- **Your objective**:
Nothing but the lines from the top of the following entries through the line with "Patria Schiff" should be printed, exactly as they are.

[Short text fragments from websites]
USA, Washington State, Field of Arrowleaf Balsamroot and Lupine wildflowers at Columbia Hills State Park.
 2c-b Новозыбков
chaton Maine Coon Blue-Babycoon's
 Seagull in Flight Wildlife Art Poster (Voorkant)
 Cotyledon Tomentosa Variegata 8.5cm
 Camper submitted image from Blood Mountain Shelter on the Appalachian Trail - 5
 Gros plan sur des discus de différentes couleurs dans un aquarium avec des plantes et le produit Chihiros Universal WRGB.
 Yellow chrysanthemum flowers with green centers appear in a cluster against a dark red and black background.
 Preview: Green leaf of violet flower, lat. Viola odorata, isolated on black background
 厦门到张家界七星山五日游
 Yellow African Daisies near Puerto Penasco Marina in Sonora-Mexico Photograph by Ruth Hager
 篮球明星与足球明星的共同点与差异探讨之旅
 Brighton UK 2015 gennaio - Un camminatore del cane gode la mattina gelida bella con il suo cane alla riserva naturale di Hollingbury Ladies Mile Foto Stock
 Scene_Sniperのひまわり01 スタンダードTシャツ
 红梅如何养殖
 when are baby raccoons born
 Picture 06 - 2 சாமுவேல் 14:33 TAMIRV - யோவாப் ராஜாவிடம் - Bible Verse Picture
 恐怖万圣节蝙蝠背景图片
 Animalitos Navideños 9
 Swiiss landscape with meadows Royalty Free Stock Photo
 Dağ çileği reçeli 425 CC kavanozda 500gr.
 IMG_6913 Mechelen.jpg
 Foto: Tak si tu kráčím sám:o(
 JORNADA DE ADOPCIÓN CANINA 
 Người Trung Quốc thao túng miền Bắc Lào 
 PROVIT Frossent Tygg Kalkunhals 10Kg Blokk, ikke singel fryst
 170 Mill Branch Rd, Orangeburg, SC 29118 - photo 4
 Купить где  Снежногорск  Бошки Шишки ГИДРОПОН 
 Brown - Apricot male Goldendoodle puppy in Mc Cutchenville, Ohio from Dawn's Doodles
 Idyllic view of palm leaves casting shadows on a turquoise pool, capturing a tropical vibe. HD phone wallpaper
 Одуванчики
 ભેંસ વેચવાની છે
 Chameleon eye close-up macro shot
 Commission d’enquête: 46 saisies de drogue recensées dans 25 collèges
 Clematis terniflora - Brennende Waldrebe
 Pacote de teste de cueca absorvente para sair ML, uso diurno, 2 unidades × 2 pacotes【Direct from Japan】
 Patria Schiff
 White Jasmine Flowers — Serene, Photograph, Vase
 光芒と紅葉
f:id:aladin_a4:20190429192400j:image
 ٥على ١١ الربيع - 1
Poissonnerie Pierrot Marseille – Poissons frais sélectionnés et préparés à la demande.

- **Expected output**:
USA, Washington State, Field of Arrowleaf Balsamroot and Lupine wildflowers at Columbia Hills State Park.
 2c-b Новозыбков
chaton Maine Coon Blue-Babycoon's
 Seagull in Flight Wildlife Art Poster (Voorkant)
 Cotyledon Tomentosa Variegata 8.5cm
 Camper submitted image from Blood Mountain Shelter on the Appalachian Trail - 5
 Gros plan sur des discus de différentes couleurs dans un aquarium avec des plantes et le produit Chihiros Universal WRGB.
 Yellow chrysanthemum flowers with green centers appear in a cluster against a dark red and black background.
 Preview: Green leaf of violet flower, lat. Viola odorata, isolated on black background
 厦门到张家界七星山五日游
 Yellow African Daisies near Puerto Penasco Marina in Sonora-Mexico Photograph by Ruth Hager
 篮球明星与足球明星的共同点与差异探讨之旅
 Brighton UK 2015 gennaio - Un camminatore del cane gode la mattina gelida bella con il suo cane alla riserva naturale di Hollingbury Ladies Mile Foto Stock
 Scene_Sniperのひまわり01 スタンダードTシャツ
 红梅如何养殖
 when are baby raccoons born
 Picture 06 - 2 சாமுவேல் 14:33 TAMIRV - யோவாப் ராஜாவிடம் - Bible Verse Picture
 恐怖万圣节蝙蝠背景图片
 Animalitos Navideños 9
 Swiiss landscape with meadows Royalty Free Stock Photo
 Dağ çileği reçeli 425 CC kavanozda 500gr.
 IMG_6913 Mechelen.jpg
 Foto: Tak si tu kráčím sám:o(
 JORNADA DE ADOPCIÓN CANINA 
 Người Trung Quốc thao túng miền Bắc Lào 
 PROVIT Frossent Tygg Kalkunhals 10Kg Blokk, ikke singel fryst
 170 Mill Branch Rd, Orangeburg, SC 29118 - photo 4
 Купить где  Снежногорск  Бошки Шишки ГИДРОПОН 
 Brown - Apricot male Goldendoodle puppy in Mc Cutchenville, Ohio from Dawn's Doodles
 Idyllic view of palm leaves casting shadows on a turquoise pool, capturing a tropical vibe. HD phone wallpaper
 Одуванчики
 ભેંસ વેચવાની છે
 Chameleon eye close-up macro shot
 Commission d’enquête: 46 saisies de drogue recensées dans 25 collèges
 Clematis terniflora - Brennende Waldrebe
 Pacote de teste de cueca absorvente para sair ML, uso diurno, 2 unidades × 2 pacotes【Direct from Japan】
 Patria Schiff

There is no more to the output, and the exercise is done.